While Nawadivipura appears livable to the Western eye, small problems fester among the 55 families here, adding stress to lives already strained by the many changes the tsunami brought. A community center on top of the hill looks inviting, but the electricity was off the day the focus group was held: Villagers have a hard time scraping together the extra cash needed to keep it flowing. And transportation—to buy goods, to get to work—represents a new burden for family budgets. Those costs have meant unwelcome belt-tightening.
A village changes
For E.T. Sarath, a father of five children, the post-tsunami problems gripping Mawella North—his village—are profound. He speaks long and emotionally about them.
"The physical look of the village [is better]," he says, "but the quality of people has been destroyed—the values, norms, beliefs have been destroyed."
Not everyone feels this way, of course.

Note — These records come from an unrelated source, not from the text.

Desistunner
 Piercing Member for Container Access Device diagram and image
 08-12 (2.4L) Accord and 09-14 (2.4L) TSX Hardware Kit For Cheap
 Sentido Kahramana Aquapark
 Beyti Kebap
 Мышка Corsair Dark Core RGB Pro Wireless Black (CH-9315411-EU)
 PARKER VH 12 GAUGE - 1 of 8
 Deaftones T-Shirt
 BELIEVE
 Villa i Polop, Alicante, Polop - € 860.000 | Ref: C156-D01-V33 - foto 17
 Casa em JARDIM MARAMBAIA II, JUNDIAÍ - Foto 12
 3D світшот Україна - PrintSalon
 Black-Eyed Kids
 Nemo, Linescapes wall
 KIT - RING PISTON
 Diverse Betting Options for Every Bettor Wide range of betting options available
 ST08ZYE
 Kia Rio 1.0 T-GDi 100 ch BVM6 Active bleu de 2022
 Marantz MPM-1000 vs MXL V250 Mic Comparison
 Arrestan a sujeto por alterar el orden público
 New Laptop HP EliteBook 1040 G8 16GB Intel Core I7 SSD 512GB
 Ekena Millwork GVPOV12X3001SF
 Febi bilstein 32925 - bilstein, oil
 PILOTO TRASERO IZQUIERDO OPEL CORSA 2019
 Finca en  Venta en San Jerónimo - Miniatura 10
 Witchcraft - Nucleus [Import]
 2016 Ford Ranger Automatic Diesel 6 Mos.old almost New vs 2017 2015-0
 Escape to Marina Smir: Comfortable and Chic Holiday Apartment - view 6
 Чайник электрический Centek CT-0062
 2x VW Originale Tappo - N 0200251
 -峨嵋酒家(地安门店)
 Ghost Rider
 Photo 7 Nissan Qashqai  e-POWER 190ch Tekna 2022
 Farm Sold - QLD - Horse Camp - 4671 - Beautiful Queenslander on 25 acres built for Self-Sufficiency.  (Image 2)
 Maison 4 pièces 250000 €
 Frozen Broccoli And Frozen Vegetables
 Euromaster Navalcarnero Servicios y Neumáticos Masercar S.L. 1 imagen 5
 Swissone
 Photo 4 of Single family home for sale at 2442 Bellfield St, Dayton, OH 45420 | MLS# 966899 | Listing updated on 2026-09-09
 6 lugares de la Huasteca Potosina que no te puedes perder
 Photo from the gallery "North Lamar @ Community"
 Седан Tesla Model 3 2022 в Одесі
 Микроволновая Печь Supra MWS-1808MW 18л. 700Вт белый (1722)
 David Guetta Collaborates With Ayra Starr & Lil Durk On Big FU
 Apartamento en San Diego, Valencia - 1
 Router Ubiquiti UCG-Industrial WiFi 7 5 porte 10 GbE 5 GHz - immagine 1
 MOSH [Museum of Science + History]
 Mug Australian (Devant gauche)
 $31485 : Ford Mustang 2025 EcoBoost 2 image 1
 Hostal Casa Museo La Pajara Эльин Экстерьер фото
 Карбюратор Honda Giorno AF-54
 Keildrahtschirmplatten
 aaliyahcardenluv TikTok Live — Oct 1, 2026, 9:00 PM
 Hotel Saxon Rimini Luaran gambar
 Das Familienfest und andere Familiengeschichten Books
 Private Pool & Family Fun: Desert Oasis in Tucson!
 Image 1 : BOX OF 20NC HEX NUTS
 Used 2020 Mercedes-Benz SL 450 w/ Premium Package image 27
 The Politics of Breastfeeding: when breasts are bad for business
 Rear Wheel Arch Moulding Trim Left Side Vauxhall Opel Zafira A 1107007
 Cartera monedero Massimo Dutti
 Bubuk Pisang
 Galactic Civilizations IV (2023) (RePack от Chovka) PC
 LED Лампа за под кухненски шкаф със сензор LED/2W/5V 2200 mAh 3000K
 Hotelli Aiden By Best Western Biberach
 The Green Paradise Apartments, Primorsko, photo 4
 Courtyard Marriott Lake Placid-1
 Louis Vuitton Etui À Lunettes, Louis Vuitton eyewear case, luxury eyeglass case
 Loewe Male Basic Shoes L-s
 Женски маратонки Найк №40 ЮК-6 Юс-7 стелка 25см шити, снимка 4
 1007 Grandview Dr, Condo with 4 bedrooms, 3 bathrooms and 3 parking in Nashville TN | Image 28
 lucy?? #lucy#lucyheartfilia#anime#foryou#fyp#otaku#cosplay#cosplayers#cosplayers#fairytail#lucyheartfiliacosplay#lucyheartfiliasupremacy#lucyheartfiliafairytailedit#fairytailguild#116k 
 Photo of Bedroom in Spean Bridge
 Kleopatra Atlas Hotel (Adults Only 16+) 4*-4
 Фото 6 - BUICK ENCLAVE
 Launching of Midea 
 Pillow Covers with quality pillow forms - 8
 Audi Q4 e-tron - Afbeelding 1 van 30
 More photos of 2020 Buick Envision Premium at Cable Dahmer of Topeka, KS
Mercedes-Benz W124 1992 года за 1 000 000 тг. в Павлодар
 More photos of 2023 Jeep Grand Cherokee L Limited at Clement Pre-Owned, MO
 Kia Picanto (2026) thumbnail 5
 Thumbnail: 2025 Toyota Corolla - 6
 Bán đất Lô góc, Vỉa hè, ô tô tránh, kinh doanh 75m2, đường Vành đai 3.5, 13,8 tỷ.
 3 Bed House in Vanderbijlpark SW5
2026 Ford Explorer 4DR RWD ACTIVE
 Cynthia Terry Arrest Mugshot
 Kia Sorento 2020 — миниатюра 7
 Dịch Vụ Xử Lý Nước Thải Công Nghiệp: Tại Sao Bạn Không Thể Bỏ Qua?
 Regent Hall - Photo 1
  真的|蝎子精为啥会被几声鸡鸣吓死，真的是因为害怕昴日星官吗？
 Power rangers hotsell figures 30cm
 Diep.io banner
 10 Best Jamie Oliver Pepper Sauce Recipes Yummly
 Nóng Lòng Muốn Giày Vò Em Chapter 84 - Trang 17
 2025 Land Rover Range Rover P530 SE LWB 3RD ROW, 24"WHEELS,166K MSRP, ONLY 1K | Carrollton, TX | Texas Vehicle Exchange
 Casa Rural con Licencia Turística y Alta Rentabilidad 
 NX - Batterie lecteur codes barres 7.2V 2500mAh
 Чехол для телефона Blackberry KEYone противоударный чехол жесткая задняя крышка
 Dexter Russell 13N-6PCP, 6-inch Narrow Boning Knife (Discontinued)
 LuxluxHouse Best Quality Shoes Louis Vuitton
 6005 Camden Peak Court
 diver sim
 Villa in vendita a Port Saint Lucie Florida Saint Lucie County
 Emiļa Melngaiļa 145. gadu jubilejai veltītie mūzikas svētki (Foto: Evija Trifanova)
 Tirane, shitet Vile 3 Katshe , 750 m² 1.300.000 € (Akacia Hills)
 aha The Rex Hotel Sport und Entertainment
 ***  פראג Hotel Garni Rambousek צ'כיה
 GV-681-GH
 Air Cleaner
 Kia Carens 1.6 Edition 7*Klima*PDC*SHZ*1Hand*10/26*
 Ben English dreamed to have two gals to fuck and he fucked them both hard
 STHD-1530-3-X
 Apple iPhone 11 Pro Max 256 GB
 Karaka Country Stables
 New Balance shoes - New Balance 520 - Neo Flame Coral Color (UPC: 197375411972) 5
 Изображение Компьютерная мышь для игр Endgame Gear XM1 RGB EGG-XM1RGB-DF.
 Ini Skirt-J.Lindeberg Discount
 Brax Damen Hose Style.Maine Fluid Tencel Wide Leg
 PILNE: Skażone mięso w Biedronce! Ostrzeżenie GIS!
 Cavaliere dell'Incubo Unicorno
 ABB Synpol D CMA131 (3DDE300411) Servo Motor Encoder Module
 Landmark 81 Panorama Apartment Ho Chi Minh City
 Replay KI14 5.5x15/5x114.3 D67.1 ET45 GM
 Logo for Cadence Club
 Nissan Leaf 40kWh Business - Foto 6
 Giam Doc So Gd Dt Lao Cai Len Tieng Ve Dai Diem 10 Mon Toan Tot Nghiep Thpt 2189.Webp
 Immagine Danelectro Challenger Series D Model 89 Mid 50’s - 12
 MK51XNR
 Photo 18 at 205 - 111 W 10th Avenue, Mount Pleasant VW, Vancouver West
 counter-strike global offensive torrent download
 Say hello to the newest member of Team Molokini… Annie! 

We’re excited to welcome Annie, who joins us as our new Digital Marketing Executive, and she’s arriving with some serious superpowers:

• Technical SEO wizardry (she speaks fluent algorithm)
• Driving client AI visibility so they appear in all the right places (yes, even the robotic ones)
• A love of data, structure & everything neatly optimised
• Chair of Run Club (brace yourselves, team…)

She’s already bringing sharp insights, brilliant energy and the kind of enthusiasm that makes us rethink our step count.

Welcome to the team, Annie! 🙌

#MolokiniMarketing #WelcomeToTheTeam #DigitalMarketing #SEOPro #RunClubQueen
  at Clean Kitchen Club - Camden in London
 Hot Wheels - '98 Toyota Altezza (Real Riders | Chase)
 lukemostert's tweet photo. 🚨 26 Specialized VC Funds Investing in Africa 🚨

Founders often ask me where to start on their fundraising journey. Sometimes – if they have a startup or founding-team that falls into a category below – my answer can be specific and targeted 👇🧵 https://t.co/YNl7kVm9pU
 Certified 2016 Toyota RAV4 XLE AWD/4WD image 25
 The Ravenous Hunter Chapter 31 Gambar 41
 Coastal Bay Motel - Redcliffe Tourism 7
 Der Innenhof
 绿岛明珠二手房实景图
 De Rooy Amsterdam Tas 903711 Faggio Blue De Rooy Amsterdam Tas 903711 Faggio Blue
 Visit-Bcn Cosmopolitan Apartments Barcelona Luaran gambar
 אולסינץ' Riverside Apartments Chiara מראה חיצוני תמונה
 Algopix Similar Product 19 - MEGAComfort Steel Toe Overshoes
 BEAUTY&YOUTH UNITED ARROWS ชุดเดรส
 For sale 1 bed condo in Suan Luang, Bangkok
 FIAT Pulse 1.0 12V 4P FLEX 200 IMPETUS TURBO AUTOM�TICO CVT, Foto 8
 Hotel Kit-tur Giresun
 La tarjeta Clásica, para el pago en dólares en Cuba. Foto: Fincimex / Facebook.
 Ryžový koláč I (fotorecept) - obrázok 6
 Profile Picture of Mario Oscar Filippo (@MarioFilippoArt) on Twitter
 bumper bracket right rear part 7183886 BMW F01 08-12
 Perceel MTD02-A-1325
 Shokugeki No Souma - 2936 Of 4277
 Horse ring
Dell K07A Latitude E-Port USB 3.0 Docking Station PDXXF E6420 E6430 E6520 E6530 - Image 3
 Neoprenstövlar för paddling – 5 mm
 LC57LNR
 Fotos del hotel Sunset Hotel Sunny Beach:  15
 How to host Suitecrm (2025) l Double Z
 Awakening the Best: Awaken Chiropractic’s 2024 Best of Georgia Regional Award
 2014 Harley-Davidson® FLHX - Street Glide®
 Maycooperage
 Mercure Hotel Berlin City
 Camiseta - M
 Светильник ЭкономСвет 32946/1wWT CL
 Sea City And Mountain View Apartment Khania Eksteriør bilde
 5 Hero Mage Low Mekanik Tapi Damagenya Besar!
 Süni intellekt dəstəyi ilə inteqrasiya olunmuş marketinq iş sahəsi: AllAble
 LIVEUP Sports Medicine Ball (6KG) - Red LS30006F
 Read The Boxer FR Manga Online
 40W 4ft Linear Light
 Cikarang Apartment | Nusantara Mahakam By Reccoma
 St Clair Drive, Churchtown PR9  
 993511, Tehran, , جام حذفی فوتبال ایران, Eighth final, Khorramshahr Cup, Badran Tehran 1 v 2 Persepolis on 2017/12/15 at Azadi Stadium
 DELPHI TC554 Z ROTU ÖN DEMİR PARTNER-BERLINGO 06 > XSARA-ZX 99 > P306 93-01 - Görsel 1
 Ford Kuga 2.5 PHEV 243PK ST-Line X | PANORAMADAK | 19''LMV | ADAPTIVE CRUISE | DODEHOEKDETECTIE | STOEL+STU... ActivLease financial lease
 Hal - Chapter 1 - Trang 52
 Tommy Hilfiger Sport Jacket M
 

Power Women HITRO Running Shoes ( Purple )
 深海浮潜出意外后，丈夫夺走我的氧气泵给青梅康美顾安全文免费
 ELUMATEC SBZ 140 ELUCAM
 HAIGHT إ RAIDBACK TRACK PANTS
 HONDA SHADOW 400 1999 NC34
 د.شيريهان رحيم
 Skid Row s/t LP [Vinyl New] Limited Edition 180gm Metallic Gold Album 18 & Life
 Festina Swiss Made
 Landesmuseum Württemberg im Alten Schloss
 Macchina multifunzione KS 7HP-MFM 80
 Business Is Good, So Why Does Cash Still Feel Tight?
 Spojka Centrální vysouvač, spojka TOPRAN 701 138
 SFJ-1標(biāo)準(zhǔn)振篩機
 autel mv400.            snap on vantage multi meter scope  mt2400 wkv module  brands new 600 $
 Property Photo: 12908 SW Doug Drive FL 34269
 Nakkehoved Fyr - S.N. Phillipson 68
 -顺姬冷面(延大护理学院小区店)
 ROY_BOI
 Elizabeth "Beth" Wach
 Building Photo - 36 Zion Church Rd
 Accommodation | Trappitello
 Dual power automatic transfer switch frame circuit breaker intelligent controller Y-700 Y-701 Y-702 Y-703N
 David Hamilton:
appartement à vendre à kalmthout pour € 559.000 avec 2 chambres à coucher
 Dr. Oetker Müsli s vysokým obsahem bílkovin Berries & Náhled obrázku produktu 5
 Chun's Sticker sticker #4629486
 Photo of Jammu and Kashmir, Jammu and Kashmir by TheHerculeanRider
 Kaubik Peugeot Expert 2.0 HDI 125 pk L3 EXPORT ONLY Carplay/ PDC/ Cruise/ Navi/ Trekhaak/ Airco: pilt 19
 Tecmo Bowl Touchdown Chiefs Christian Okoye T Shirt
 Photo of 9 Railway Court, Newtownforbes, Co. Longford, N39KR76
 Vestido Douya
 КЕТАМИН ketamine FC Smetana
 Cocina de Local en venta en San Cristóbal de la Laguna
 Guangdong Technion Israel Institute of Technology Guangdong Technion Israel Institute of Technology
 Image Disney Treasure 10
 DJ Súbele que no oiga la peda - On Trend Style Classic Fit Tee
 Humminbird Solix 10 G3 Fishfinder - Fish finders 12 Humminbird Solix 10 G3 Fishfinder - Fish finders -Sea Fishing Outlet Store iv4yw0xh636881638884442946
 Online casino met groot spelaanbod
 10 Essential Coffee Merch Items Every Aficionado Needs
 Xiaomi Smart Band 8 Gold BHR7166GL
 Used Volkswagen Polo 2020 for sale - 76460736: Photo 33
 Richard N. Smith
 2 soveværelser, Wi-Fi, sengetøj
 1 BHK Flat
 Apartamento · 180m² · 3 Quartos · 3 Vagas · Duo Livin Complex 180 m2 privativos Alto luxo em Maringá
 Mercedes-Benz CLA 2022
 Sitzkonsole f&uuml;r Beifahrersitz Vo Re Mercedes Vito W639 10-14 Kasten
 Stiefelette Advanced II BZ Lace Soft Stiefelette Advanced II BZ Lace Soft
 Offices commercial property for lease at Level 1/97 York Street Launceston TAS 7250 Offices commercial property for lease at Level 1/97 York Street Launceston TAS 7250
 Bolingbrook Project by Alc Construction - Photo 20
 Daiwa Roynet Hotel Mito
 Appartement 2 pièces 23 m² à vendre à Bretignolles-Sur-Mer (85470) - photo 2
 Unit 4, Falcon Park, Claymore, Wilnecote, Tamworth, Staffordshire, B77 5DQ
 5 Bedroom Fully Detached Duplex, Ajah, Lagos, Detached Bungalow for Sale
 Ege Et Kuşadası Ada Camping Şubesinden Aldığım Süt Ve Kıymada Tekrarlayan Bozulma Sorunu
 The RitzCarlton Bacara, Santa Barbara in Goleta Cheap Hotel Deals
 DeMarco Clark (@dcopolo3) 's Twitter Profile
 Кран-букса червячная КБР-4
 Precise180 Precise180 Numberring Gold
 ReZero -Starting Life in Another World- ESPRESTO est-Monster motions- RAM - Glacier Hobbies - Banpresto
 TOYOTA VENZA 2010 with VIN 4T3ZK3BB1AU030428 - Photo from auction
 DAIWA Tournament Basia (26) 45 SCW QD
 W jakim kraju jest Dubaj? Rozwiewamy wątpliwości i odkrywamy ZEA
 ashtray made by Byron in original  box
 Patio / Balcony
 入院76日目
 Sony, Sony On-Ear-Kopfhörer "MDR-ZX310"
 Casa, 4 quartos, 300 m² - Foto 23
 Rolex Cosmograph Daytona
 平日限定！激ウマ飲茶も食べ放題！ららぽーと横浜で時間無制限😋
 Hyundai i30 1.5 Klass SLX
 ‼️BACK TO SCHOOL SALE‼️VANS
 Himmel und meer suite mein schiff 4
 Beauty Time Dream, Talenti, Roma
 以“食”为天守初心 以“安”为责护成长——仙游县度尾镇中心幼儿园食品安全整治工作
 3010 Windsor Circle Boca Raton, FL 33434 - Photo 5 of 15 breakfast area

And Merry Nona Wijerathna is one of them. She is the only female healer in her village, and after the tsunami she found herself called upon more frequently to counsel families struggling with grief—a difficult task she understood all too well. Wijerathna lost both her husband and a daughter in the disaster.
Now, she lives with another daughter, Deepa Galappaththi, in the house with the new couch and chairs, where the photos of her husband and daughter remind her of their company.
"The happiness is there now," Wijerathna says of her village. "People are living in the village now with fewer issues, fewer problems, especially economical. Most of the families lived in a situation where they were not able to build their own houses in their lifetimes. But now they have houses because of the tsunami. And most people would not have their own boats. Now, some have one or two."
Her serenity implies she has taken her own counsel—advice that others are inclined to follow, too.
"We cannot control natural disasters," says Wijerathna. "There are times we have to face difficult and sad situations. There are times we face happy and enjoyable situations. You have to take it as it is and move on with life."